The Persistence of Neural Collapse Despite Low-Rank Bias

TL;DR

This paper investigates why neural collapse persists in deep networks despite theoretical predictions of its suboptimality, revealing a low-rank bias and prevalence of DNC in the loss landscape.

Contribution

It extends prior theoretical results to cross-entropy loss, characterizes the low-rank bias, and explains the frequent empirical occurrence of neural collapse.

Findings

High-rank structures are not optimal under cross-entropy loss.

A fixed bound on the number of significant singular values at minima.

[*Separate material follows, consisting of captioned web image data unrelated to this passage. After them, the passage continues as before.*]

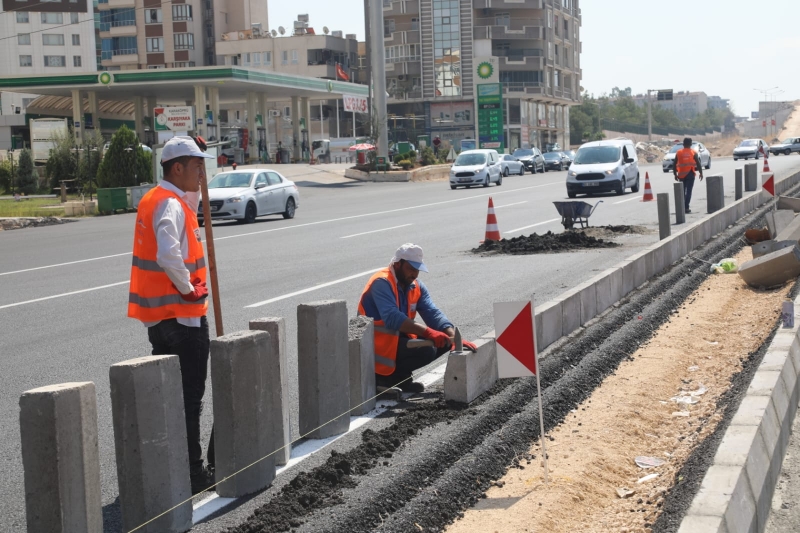 BAŞKAN BEYAZGÜL: ÇEVİK KUVVET KÖPRÜLÜ KAVŞAĞI ÇALIŞMALARI TAM HIZ İLERLİYOR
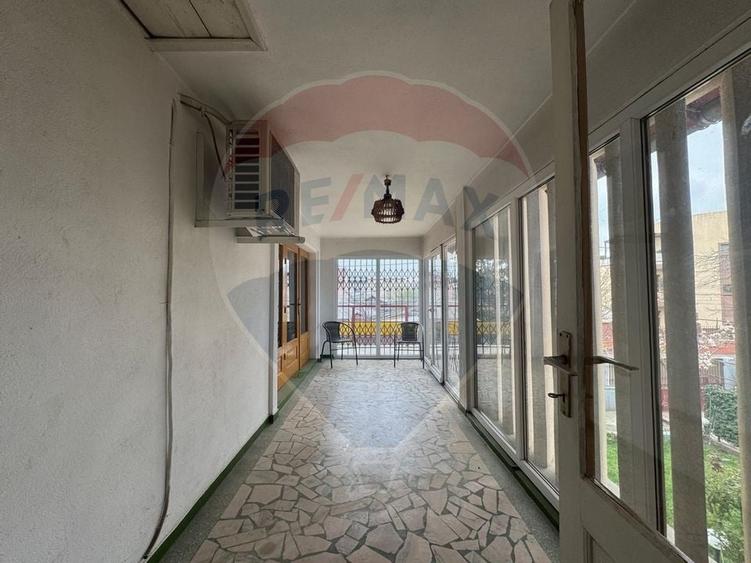 Casă / Vilă cu 8 camere de vânzare în zona Industriilor/Republica - 7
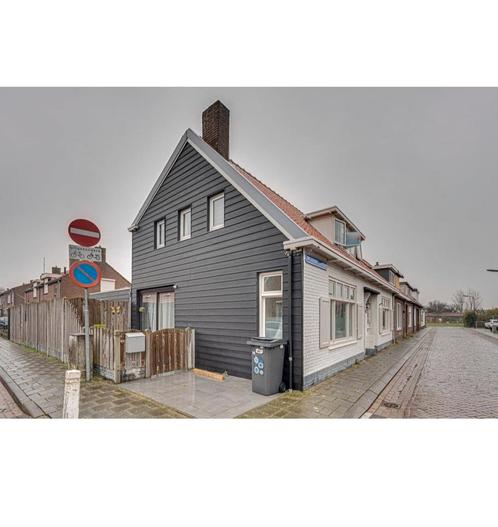 Huis te huur 1300pm, Huizen en Kamers, Huizen te huur, Tussenwoning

DNC is more prevalent in the loss landscape than other configurations.

Abstract

Neural collapse (NC) and its multi-layer variant, deep neural collapse (DNC), describe a structured geometry that occurs in the features and weights of trained deep networks. Recent theoretical work by Sukenik et al. using a deep unconstrained feature model (UFM) suggests that DNC is suboptimal under mean squared error (MSE) loss. They heuristically argue that this is due to low-rank bias induced by L2 regularization. In this work, we extend this result to deep UFMs trained with cross-entropy loss, showing that high-rank structures, including DNC, are not generally optimal. We characterize the associated low-rank bias, proving a fixed bound on the number of non-negligible singular values at global minima as network depth increases. We further analyze the loss surface, demonstrating that DNC is more prevalent in the landscape than other critical configurations, which we argue explains its frequent empirical appearance. Our results are validated through experiments in deep UFMs and deep neural networks.